GHO's work aims to scientifically increase happiness and reduce suffering in the world. Below are the current goals and objectives that we have achieved on a global level.

Current objectives on global level

  • To get the UN to include the measure of happiness and well-being in their reports on human development
  • To make the in vitro meat (lab grown meat) a reality and available to consumers. People would then be able to continue to consume animal products , while greenhouse gases are minimized and animal suffering is eliminated

Achievements on global level

  • 2012: The first global happiness report sees the light of day. The report is published on the UN Conference on Happiness on April 2nd
  • 2012: All UN member countries agree to establish an international day focusing on well-being and happiness - and to call for action for a happier world

Examples of objectives on national levels

  • Introduce happiness-promoting education in schools.
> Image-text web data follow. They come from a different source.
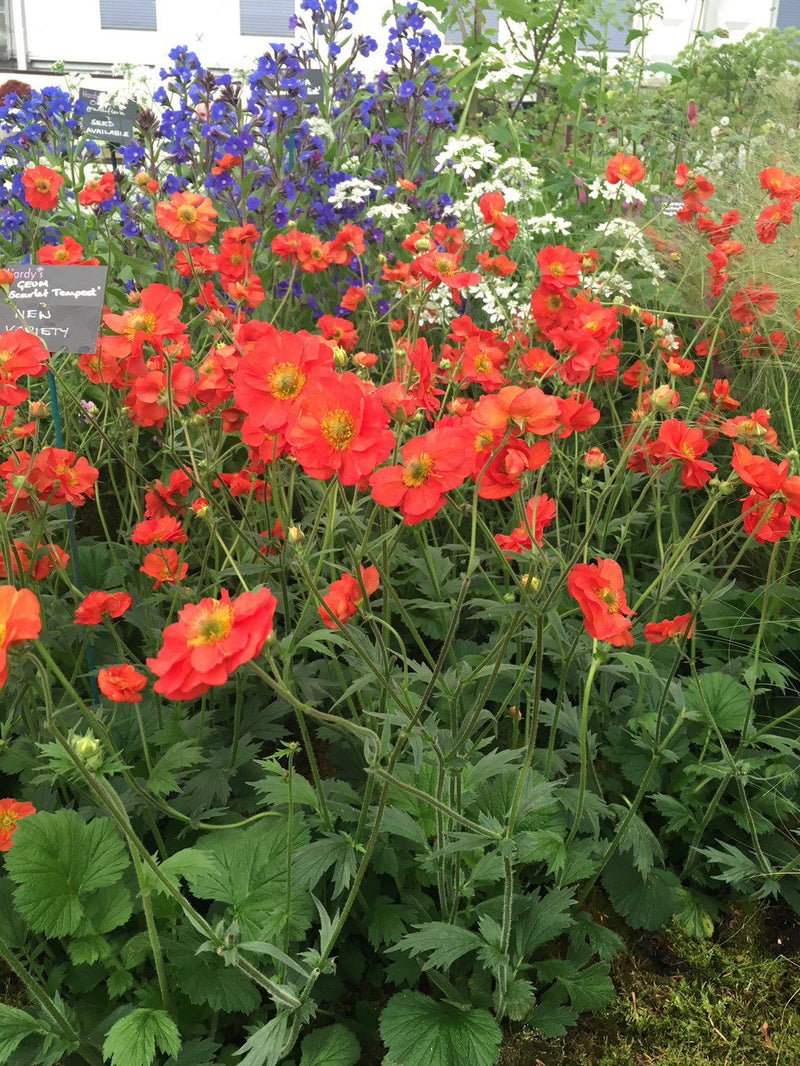 Geum Scarlet Tempest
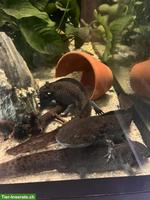 4-5 Axolotl abzugeben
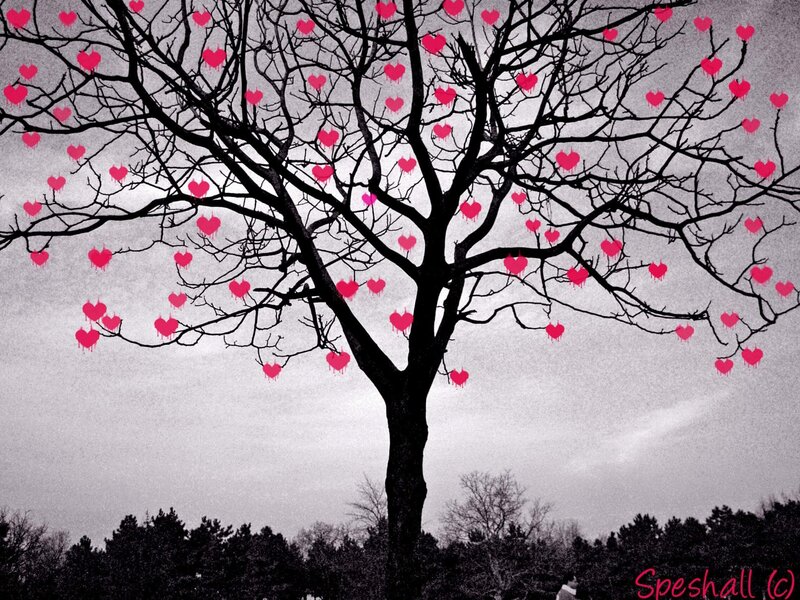 Heart-shaped Leaves on Tree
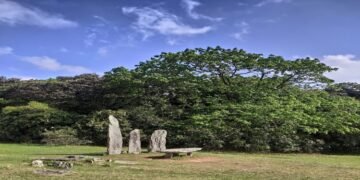 Traditional institutions are playing a great role in environmental conservation: Minister G. K Reddy
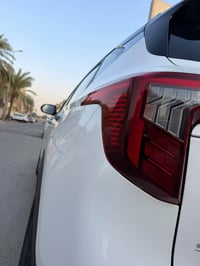 فول • بانوراما • ٢٠٢٣
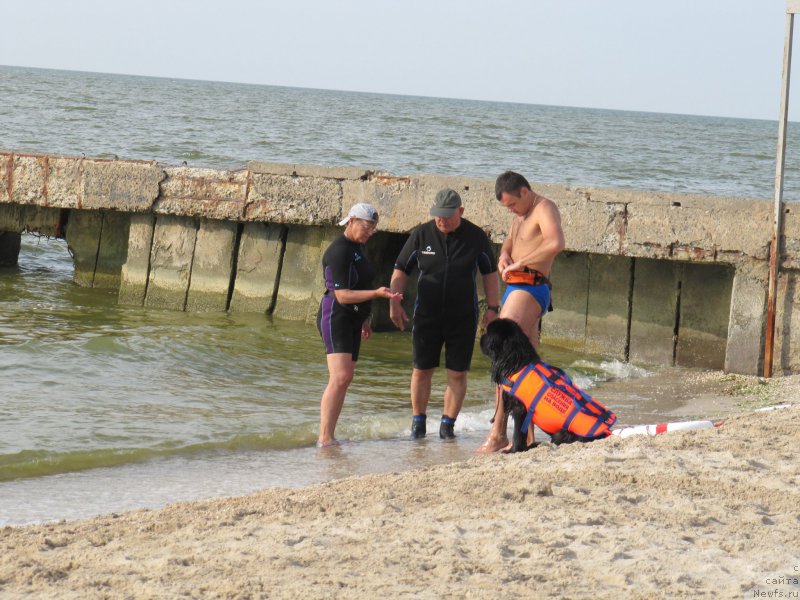 Фотография № 192228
This can be done by supplementing teaching with a new life skill subject, where students learn what are essential ingredients in creating better conditions for a happy life. (Sweden)
  • Introduce regular measures of the happiness of the population. Measuring something makes us take it more seriously and it is by means of measurements that we can determine whether things are moving in a positive or negative direction. (Sweden)
  • Offer online therapy to the country’s residents. Studies have shown that internet therapy in many cases is as effective as psychotherapy for depression and anxiety disorders, but considerably cheaper. By offering this to as many as possible, it may free more resources for those who need traditional therapies , such as psychotherapy and medication. (Sweden)

Examples of achievements on national levels

  • 2012, Sweden: GHO's happiness expert Filip Fors releases an independent report to the Swedish government’s foresight commission, which highlights new alternative welfare measures with a focus on people's happiness and subjective quality of life.
  • 2009, Sweden: Sweden gets its first happiness blog when GHO launches Lyckobloggen.se. At Lyckobloggen.se a number of happiness experts disseminate the latest research on how people can improve their own quality of life - and the quality of life of others. The blog quickly attracts a large number of people.
  • 2008, UK: The first happiness debate in the British Parliament, initiated by Britain's Liberal Democrats. The Liberal Democrats were previously represented at GHO's happiness conference in Sweden which may have had some impact on them.
  • 2007, Sweden: The first Swedish parliamentary bill on getting happiness research into politics – an initiative launched after GHO's intensive lobbying of Swedish parliamentarians.